IBM has once again showed the world that machines can do everything that humans can, sometimes even better.
Computer systems have already triumphed over their fleshy counterparts at chess, Jeopardy, as well as the complex game of Go. Now, there's a computer that can defeat humans in a far more nuanced competition: debate.
IBM Debuts Project Debater
On Monday, June 18, IBM Research introduced the world to Project Debater, an AI supercomputer that can hold a substantive debate with a human with a sense of humor, little tact, and occasionally powerful arguments.
Project Debater, which IBM has been training since 2012, took on two Israeli debating champions: Dan Zafrir and Noa Ovadia. The debaters, both human and computer, were not aware of the topics in advance.

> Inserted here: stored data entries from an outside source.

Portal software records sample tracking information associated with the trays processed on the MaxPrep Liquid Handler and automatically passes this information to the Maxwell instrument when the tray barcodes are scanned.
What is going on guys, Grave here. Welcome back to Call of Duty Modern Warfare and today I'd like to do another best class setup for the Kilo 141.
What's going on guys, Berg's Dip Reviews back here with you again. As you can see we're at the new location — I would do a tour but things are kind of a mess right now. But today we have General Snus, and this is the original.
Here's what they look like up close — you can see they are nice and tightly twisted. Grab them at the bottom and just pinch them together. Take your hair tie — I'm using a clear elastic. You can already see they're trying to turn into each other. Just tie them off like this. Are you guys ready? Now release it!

Each side started off with a four-minute introductory speech, a four-minute rebuttal, and finally each competitor was given two minutes two make a closing argument.

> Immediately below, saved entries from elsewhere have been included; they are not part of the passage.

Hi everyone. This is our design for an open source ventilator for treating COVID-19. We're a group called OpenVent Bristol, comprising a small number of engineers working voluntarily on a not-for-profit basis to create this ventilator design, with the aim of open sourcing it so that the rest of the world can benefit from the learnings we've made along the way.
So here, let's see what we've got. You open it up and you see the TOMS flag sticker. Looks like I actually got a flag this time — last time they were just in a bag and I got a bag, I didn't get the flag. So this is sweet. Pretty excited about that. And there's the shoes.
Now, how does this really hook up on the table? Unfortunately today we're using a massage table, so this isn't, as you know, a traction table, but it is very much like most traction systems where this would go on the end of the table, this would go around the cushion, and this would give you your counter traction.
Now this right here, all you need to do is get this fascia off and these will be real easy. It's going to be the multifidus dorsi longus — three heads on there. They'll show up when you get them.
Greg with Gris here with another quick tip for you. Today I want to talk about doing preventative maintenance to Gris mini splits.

The AI system participated in debates about whether governments should subsidize space exploration and whether telemedicine should play a bigger role in health care.

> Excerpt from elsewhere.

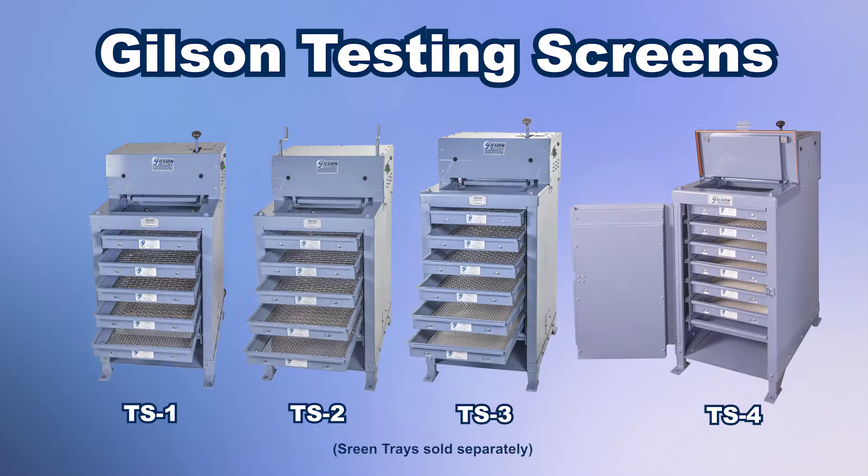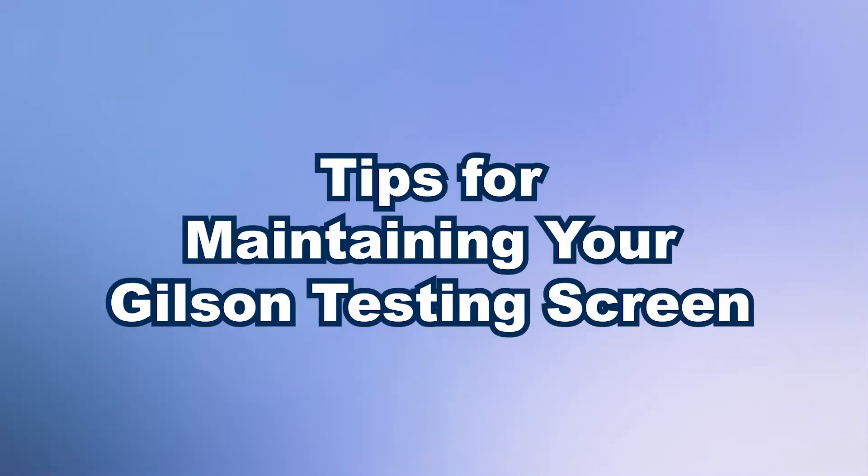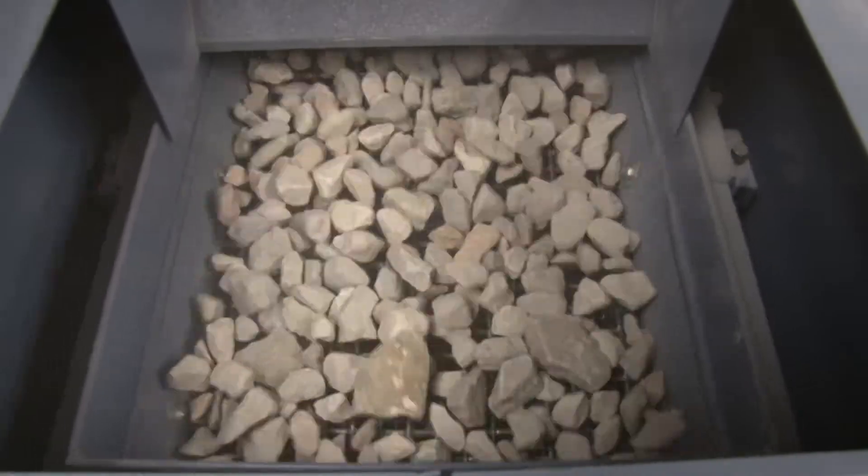Gilson's rugged testing screens for over 80 years offer an effective way to quickly determine the gradation of ores, slags, mineral aggregates, and other coarse granular materials.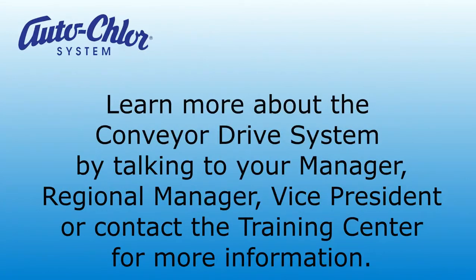Learn more about the conveyor drive system by talking to your manager, regional manager, vice president, or contractor.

Debater Can Argue, Rebut, And Debate With Humans
Debater demonstrated its ability to listen to the opponent's argument and then try to undermine it, just like humans would. There were times when the computer even attempted to guess what the opponents would say and deliver a preemptive argument against it.
Here's how it works. Debater can pull up information to support its position from its data bank, which has "several hundred million articles." It also has a framework of pre-built arguments and even jokes that it seeks opportunities to deploy.
The AI also dropped the odd joke when arguing in favor of telemedicine.
"I can't say it makes my blood boil because I have no blood," the computer quipped.
How Did The AI Perform?
The Debater's performance was evaluated by audience members that included journalists and IBM staffers. The audience members were asked their opinion on the subject before and after the debate and which participant made the most compelling arguments, so IBM could measure how Project Debater fared against its human opponents.
In the first debate, the audience voted Ovadia as the winner in "delivering" the argument, but Debater scored more points when it came to "knowledge enrichment."
In the second debate against Zafrir, IBM's AI computer was the clear winner. Not only did it convince nine audience members' to change their stance but also outscored Zafrir in both argument delivery and knowledge enrichment.